Picture this, District resident: In the not too distant future, you go to hail a cab. Almost immediately a black sedan, which is less than six years old or has fewer than 300,000 miles on it, pulls up. The driver, a conscientious, properly licensed small businessperson, happily takes you wherever you want (even to Southeast).
During the ride you notice how clean and well maintained the cab is. You want the radio turned off? No problem. Turn the AC up? All you have to do is ask. Pleasant chit-chat with the driver about the weather, world affairs, love life advice? Free of charge! And when you pay, it’s a fair price, and the money is all properly reported, so that wherever the driver lives (though probably not in the District), you can rest easy knowing that he’s paying his fair share of taxes, just like you.

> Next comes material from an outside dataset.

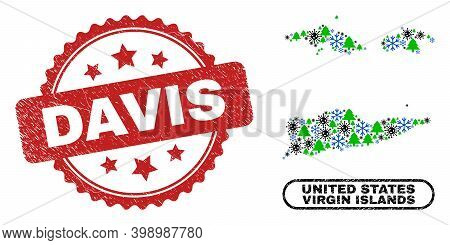 Vector Covid New Year Composition American Virgin Islands Map And Davis Grunge Stamp Imitation. Davi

All in all, it’s the perfect cab ride.
That, at least, is one version of the future being pushed by supporters of a taxicab medallion bill, who say implementing a system like those found in other major cities would regulate a “free for all” industry, lead to better taxi service and help reform the D.C. cabbies’ oft-maligned reputation as a “laughingstock.”
But opponents of the bill present an alternate future: one in which a small group takes control of the taxi industry, squeezes out the little guy forever, and in the process, makes District riders pay more, wait longer (or forever, in some underserved parts of the city), and get crummier service than they did before the medallions came along to ruin a system that doesn’t really need a major overhaul.
Whom to believe? Well, before you decide, it’s important to note how much potential profit may be at stake. Owning a medallion is a great investment; not only do owners get a regular share of a cab’s profits, but the medallion itself can greatly increase in value over time. New York City sold medallions for $10 during the Great Depression. They’ve since skyrocketed in value, selling for $61,000 in 1961, $393,000 in 2005 and $766,000 in 2009, according to a report from the District Chief Financial Officer’s office that’s harshly critical of medallion systems.
The bill currently before the council would set the initial number of medallions at 4,000, which would be sold based on a seniority system (benefiting drivers with at least 20 years driving a cab in D.C.) for as little as $500 for an unrestricted medallion that could be used throughout the city. (There are currently about 10,000 cab driver, or hack, licenses in the District.)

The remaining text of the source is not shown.